### Assignment
In the data below, find the line with "Aviary with Extension" and the line with "Round Luxe Pavé", then restate both and every line between them exactly, minus the pictures.

### Recorded information
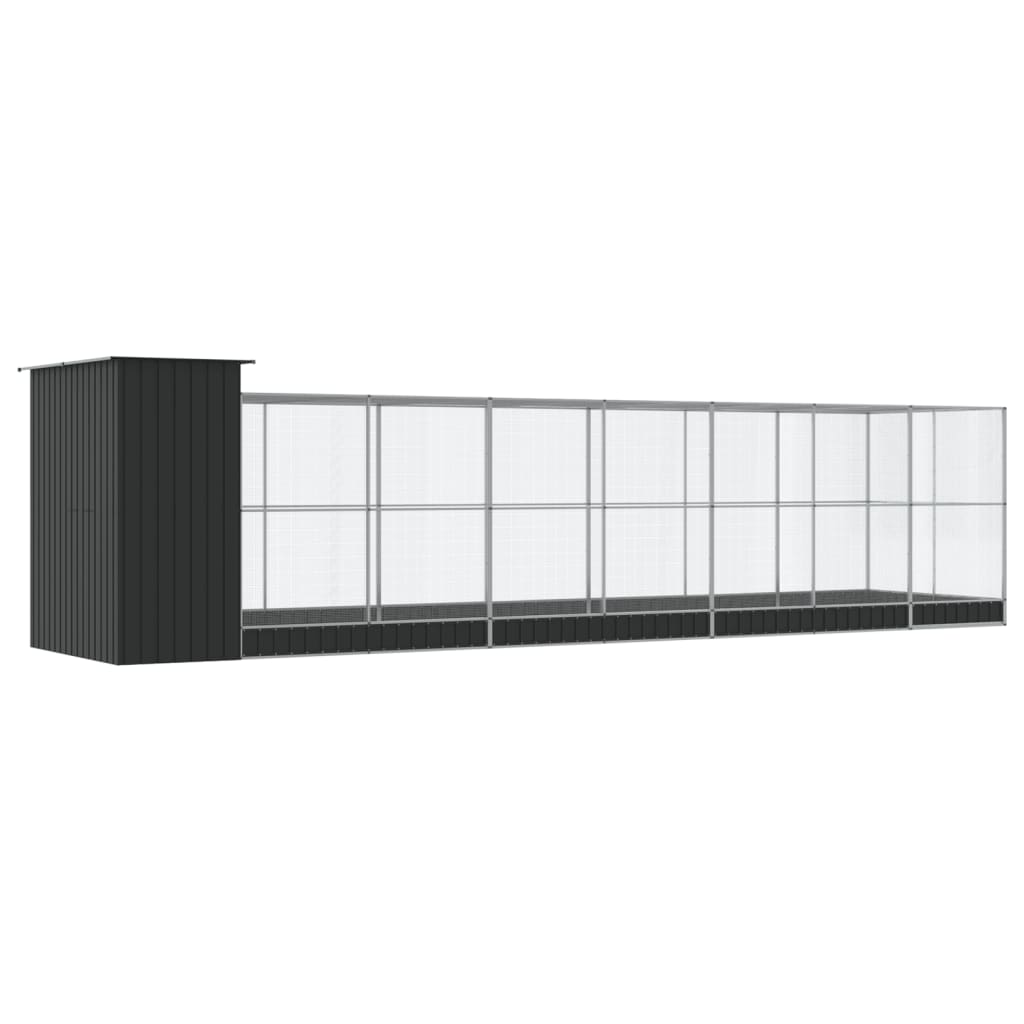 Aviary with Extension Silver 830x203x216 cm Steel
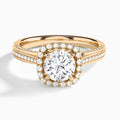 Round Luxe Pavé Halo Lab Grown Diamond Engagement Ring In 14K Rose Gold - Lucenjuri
==
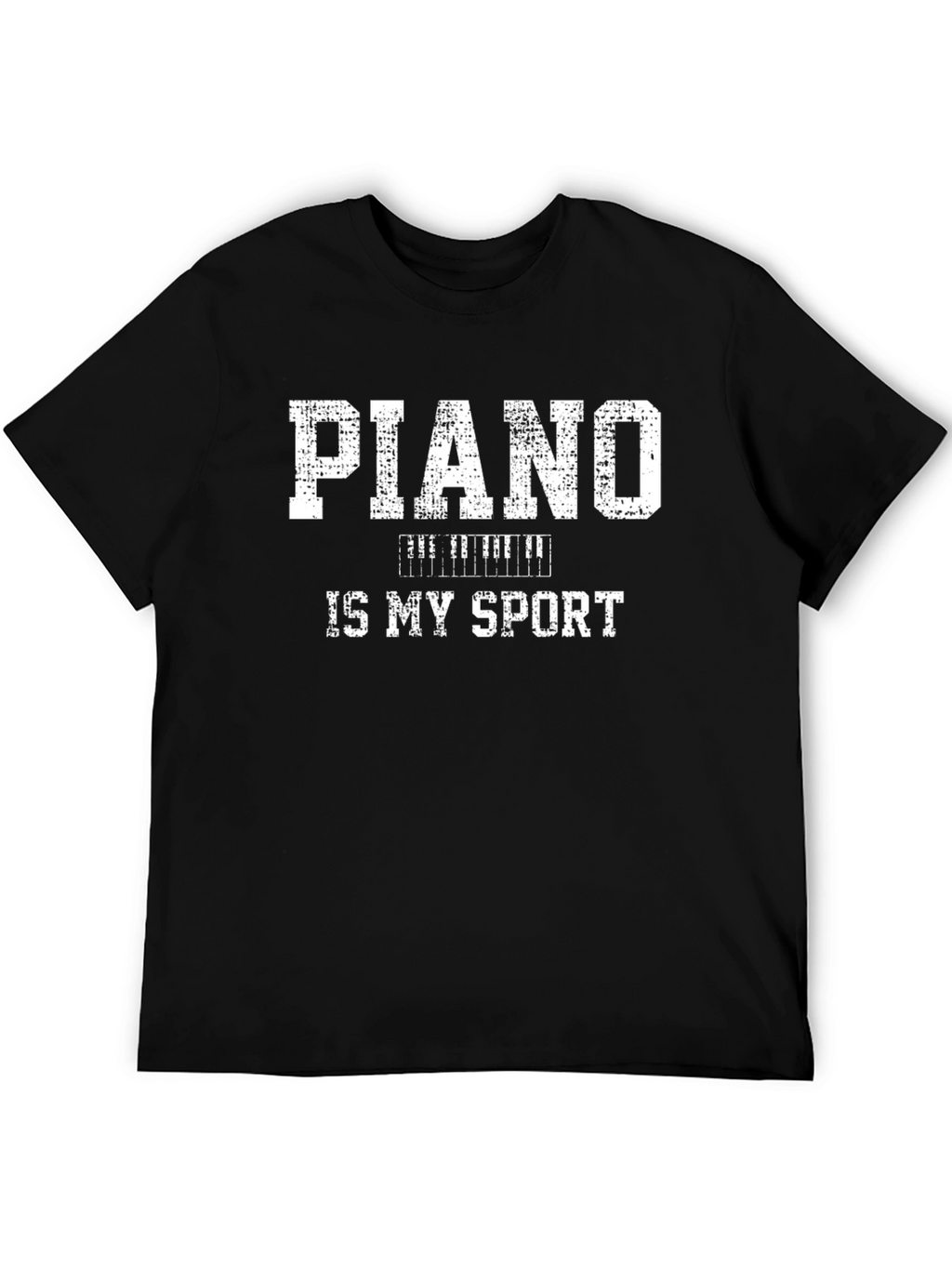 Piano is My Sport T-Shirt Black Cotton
==
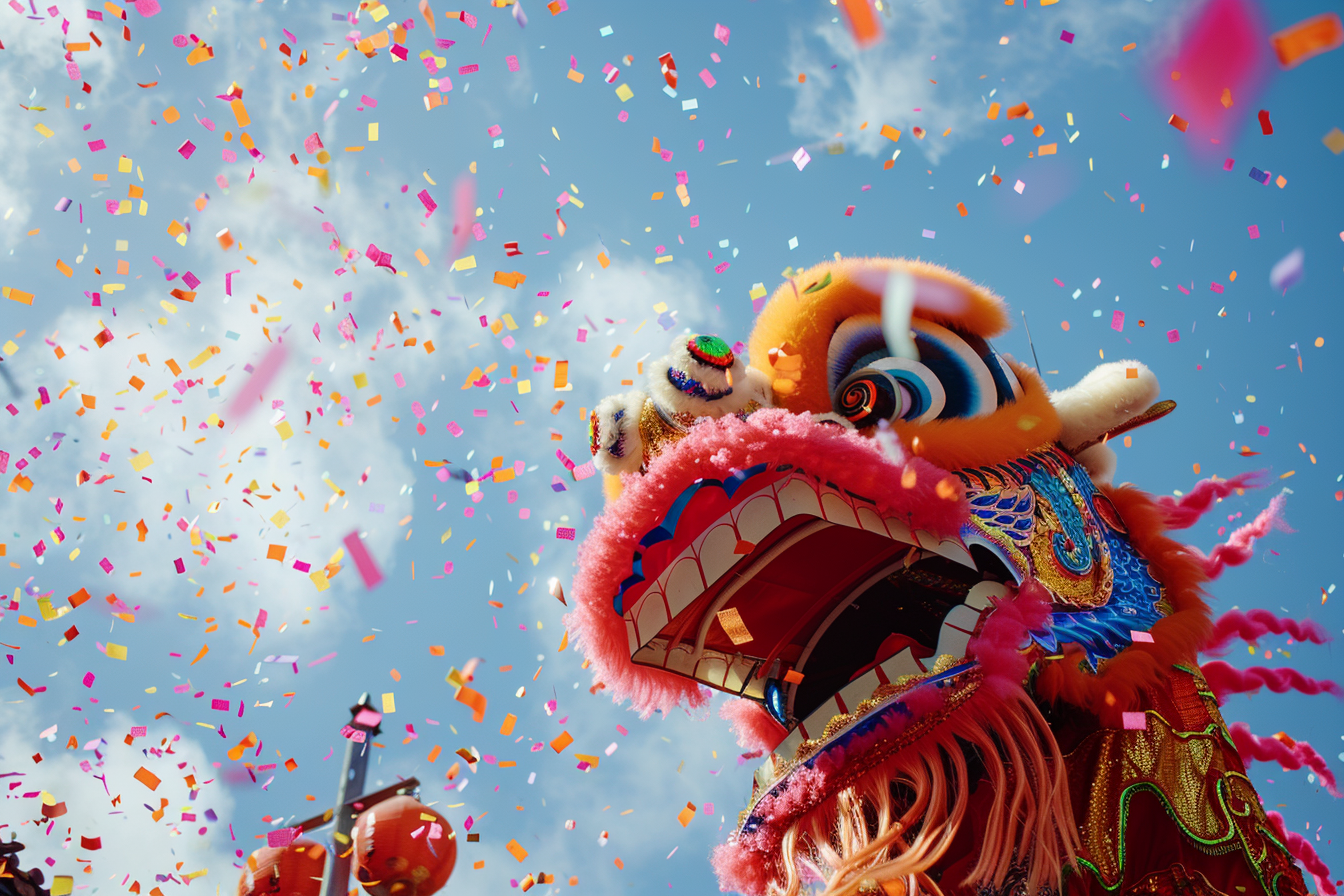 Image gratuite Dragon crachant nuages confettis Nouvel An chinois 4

### Result of this exercise
 Aviary with Extension Silver 830x203x216 cm Steel
 Round Luxe Pavé Halo Lab Grown Diamond Engagement Ring In 14K Rose Gold - Lucenjuri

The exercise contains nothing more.